Balance load on Additional polling engines in an HA pool
Engine load balancing automatically redistributes monitored nodes between polling engines in a high availability (HA) pool to prevent any single engine from becoming overloaded. It uses a health score and node reassignment limits to keep engines within a healthy operating range and avoid sudden, disruptive changes. The health score is calculated from engine metrics and is influenced by configurable settings, such as metric weights, thresholds, and reassignment limits.
Use engine load balancing to maintain consistent engine health, improve performance, and prevent uneven load across your environment without the ongoing administrative overhead of manually rebalancing polling engines.
Requirements
To use engine load balancing, the following requirements must be met.
-
Additional polling engines must be members of the same HA pool.
-
The HA pool must include at least two active servers and one standby server.
-
Engine load balancing must be enabled for the HA pool on the Pools tab.
-
Additional polling engines must be monitored as nodes, so that CPU, memory, and packet loss metrics are available. If some metrics are unavailable, engine load balancing uses the available metrics. An engine is skipped only if no valid metrics are available and a health score cannot be calculated.
-
Engines in the same HA pool must be able to reach the same monitored nodes.
Engine load balancing does not require a virtual IP (VIP) or virtual hostname. You only need to create an HA pool with at least one standby server.
Current limitations
-
Agent‑polled, WMI/WinRM‑polled, and Remote Collector‑polled nodes are never moved. Nodes with installed agents, orchestrators and their edge nodes, and nodes with automatic dependencies are also excluded from load balancing. These nodes remain on their original polling engine.
-
Advanced dependency‑aware balancing (keeping complex application dependencies on the same engine) is not available in this phase.
How engine load balancing works
Engine load balancing periodically evaluates polling engines in each eligible HA pool and moves a limited percentage of nodes away from overloaded engines toward healthier ones.
Engine health score and metrics
Each engine gets a health score from 0% to 100% (higher is healthier), based on the following metrics:
-
Polling completion (higher is better)
-
CPU load (lower is better)
-
Percent memory used (lower is better)
-
Percent packet loss (lower is better)
If some metrics are missing, engine load balancing uses only the available metrics and rescales weights. If no metrics exist for an engine, its health score is treated as null and the engine is skipped.
Health score threshold and safe margin
Two settings control when engines are considered unhealthy and which ones can receive more nodes:
-
Health score threshold: Engines below this value are unhealthy and can shed nodes.
-
Health score safe margin: Engines must be above (threshold + margin) to receive additional nodes.
Example: If the threshold is 80 and margin 5, only engines with health score > 85 can receive new nodes. Engines with scores between 80 and 85 will neither shed nor receive nodes.

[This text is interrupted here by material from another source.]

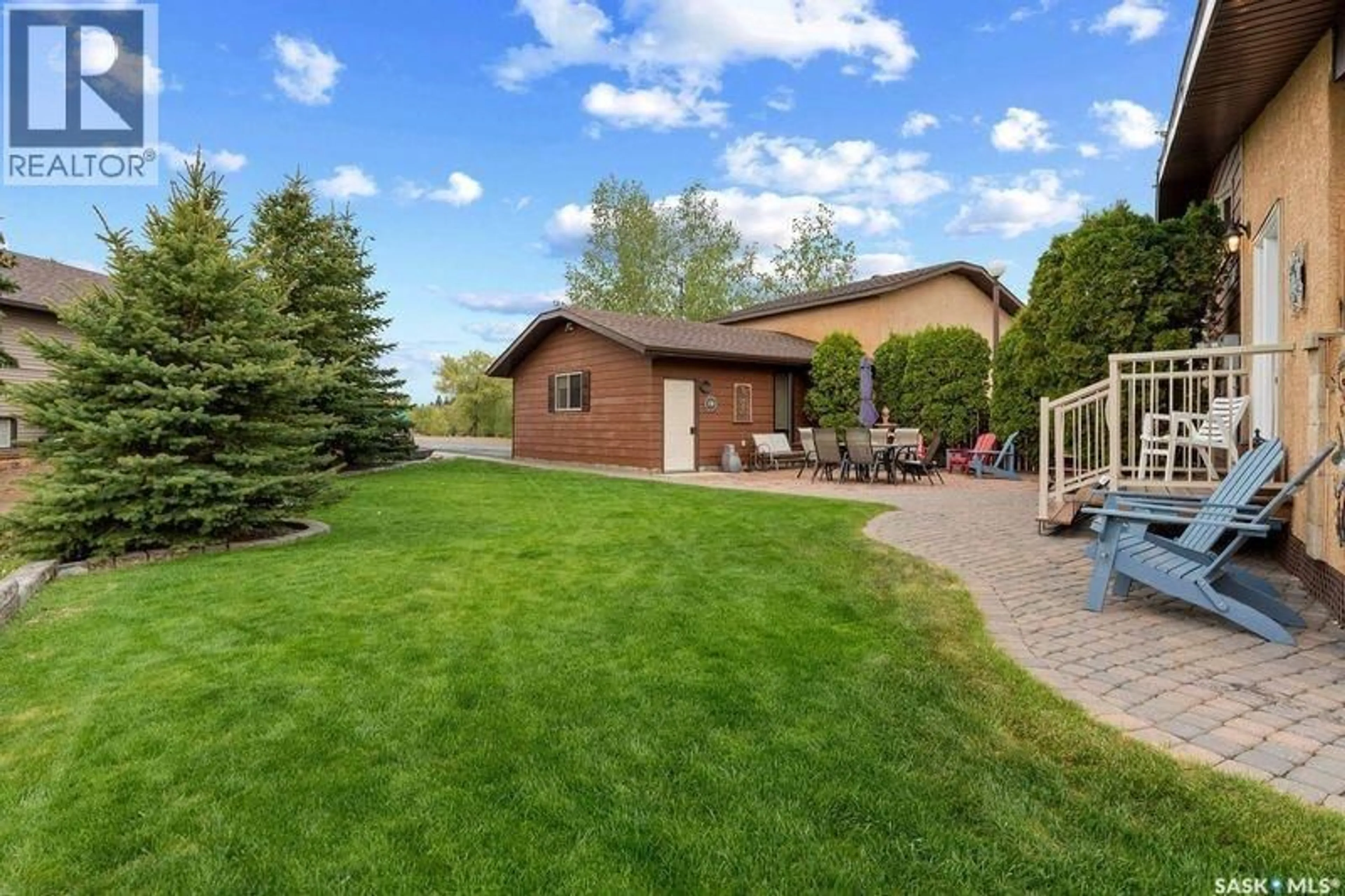 Unknown for 70 CACTUS DRIVE, Saskatchewan Landing Saskatchewan S9H3X5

Engine capacity and node distribution
When nodes are removed from an unhealthy engine, they are distributed across healthy engines in proportion to each engine’s available capacity. Engines with more capacity receive a larger share of the redistributed nodes.
Node reassign percentage
The node reassign percentage limits how many nodes can move from a single engine during one run. It is defined as a percentage of total number of nodes assigned to that engine; only eligible nodes are considered for the actual moves.
Example: If the node reassign percentage is 10 and an engine has 1,000 nodes, at most 100 eligible nodes can be moved from that engine in a single run. This reduces churn and lets load stabilize over time.
Enable engine load balancing for an HA pool
Engine load balancing is configured per HA pool.
-
In the SolarWinds Platform Web Console, click Settings > My Deployment.
-
Go to the Pools tab.
-
Select an HA pool that includes at least two active servers and at least one standby server.
-
Click Enable Engine Load Balancing.
When enabled, polling engine load is automatically balanced according to engine load balancing settings.
Configure global engine load balancing settings
The load balancing settings control how frequently load balancing occurs and how sensitive it is to engine health changes.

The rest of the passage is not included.